## WHAT YOU WILL DO
Beginning with the line below that contains "A modern kitchen" and ending with the line that contains "Tattoo Roza in flowers motif on the forearm", copy every line exactly. Copy nothing else.

Web page caption snippets
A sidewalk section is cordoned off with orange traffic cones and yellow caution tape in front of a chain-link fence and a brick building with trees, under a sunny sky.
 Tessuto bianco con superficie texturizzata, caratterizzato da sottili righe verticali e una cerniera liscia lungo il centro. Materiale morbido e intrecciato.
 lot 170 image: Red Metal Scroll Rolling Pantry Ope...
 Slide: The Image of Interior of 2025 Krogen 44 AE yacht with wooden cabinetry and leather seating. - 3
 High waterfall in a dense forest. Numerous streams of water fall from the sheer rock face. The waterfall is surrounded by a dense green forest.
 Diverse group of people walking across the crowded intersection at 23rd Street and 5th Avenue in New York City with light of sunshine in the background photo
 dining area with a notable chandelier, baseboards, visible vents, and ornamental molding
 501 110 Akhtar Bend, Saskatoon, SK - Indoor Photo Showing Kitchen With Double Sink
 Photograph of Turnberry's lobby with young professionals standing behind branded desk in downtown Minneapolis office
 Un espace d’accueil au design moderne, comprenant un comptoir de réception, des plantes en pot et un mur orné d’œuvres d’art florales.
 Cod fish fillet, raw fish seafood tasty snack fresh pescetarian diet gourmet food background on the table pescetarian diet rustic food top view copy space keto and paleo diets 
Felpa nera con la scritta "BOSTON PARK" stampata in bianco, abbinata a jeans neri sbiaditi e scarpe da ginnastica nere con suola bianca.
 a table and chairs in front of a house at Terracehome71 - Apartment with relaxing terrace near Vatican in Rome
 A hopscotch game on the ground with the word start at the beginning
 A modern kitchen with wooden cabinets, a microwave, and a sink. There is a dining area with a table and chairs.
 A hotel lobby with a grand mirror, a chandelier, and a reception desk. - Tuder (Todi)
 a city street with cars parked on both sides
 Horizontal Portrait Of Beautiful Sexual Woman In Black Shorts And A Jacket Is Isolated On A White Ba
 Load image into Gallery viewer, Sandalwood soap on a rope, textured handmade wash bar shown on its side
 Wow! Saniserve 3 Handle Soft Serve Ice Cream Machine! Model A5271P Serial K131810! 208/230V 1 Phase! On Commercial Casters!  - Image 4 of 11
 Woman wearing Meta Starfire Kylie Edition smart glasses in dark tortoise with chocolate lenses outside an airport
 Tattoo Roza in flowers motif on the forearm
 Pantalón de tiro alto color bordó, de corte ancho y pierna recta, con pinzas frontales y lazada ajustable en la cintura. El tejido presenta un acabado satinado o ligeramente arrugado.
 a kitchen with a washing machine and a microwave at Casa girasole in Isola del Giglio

## EXPECTED ANSWER
 A modern kitchen with wooden cabinets, a microwave, and a sink. There is a dining area with a table and chairs.
 A hotel lobby with a grand mirror, a chandelier, and a reception desk. - Tuder (Todi)
 a city street with cars parked on both sides
 Horizontal Portrait Of Beautiful Sexual Woman In Black Shorts And A Jacket Is Isolated On A White Ba
 Load image into Gallery viewer, Sandalwood soap on a rope, textured handmade wash bar shown on its side
 Wow! Saniserve 3 Handle Soft Serve Ice Cream Machine! Model A5271P Serial K131810! 208/230V 1 Phase! On Commercial Casters!  - Image 4 of 11
 Woman wearing Meta Starfire Kylie Edition smart glasses in dark tortoise with chocolate lenses outside an airport
 Tattoo Roza in flowers motif on the forearm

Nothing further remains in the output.